Mit Mai 2020 übernimmt Michael Söllner die Führung der Gemeindechronik. In Absprache mit Bürgermeister Gerhard Obernberger, Kulturreferentin Dr. Dagmar Fetz-Lugmayr und Amtsleiter Mag. Reinhard Haider wird die digitale Chronikführung beibehalten und um zusätzliche Medien erweitert. Historisches, wie alte Aufzeichnungen, Bücher, Objekte etc. werden sprichwörtlich entstaubt. Durch eine verbesserte Zugänglichkeit, soll die jüngere Geschichte unserer Gemeinde allen Interessierten, der Heimatforschung und wissenschaftlichen Recherchen bestmöglich zur Verfügung stehen.

Auch neue Formate werden angedacht. Um Erinnerungen wachzurufen und längst Vergessenes vor den Vorhang zu holen, planen wir, in den Gemeindenachrichten regelmäßig Funde aus dem Archiv zu präsentieren. Auch überregionale Plattformen, wie die bekannte Topothek, sind von Interesse. 

Michael Söllner ist in Steyr und Wien aufgewachsen und derzeit Mitarbeiter der OÖ Landes-Kultur GmbH. Wer ihn kennt, kennt ihn als leidenschaftlichen Musiker, (Musik)Forscher und Sammler. Im Jahr 2006 führte ihn ein Jobangebot im Musikinstrumentenmuseum Schloss Kremsegg nach Kremsmünster, wo er seither gemeinsam mit seiner Frau Raffaela lebt. Seine Freizeit verbringt er – wie könnte es anders sein – mit der Restaurierung von Blechblasinstrumenten, der Fotografie, der Natur und seiner – laut eigenen Worten – „Großbaustelle KTM Ponny“.

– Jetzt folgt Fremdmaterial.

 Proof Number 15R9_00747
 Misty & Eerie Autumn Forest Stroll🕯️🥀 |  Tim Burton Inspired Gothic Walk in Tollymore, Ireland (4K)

Wir wünschen dem neuen Chronisten der Marktgemeinde Kremsmünster viel Freude und Ausdauer bei dieser verantwortungsvollen Aufgabe und dürfen gespannt sein, welch vergessene Schätze und neue Blickwinkel aus dem Archiv ans Tageslicht kommen.

Die Chronisten

Die Chronisten sind Geschichtsschreiber "im wahrsten Sinne des Wortes", keine Geschichtenschreiber. Literarische Fähigkeiten erwartet niemand von ihnen (obwohl manche sie haben), einen genauen Blick für die Geschehnisse eines Ortes aber schon (den haben sie alle). Eine leserliche Handschrift ist eine Grundvoraussetzung. Am liebsten wird mit Tinte und in Schreibschrift geschrieben. Jahr um Jahr tragen sie in die dicke Chronik ein, besonders fleißige - oder wenn viel geschieht - Monat für Monat.

Begonnen hat alles mit einem Erlass der Landesregierung, der jeder Gemeinde "die Anlage einer Chronik" nahegelegt hatte. 1928 wagte sich Medizinalrat Dr. Julius Lengenfelder, einer der besten Freunde von Franz Hönig, ans Werk. Sein Nachfolger war Wenzel Grimus. Zeitgleich mit den beiden arbeitete in der Gemeinde Kremsmünster-Land der pensionierte Sekretär Franz Wühl als Chronist. Nach dem Zusammenschluss der zwei Gemeinden "arbeitslos" geworden, notierte er in seinen Büchern Tag für Tag Frontberichte. Ab 1953 führte der Postamtsdirektor i.R. Isidor Aichinger die Chronik. Er war auch als Leiter der Ortsbücherei "amtsbekannt".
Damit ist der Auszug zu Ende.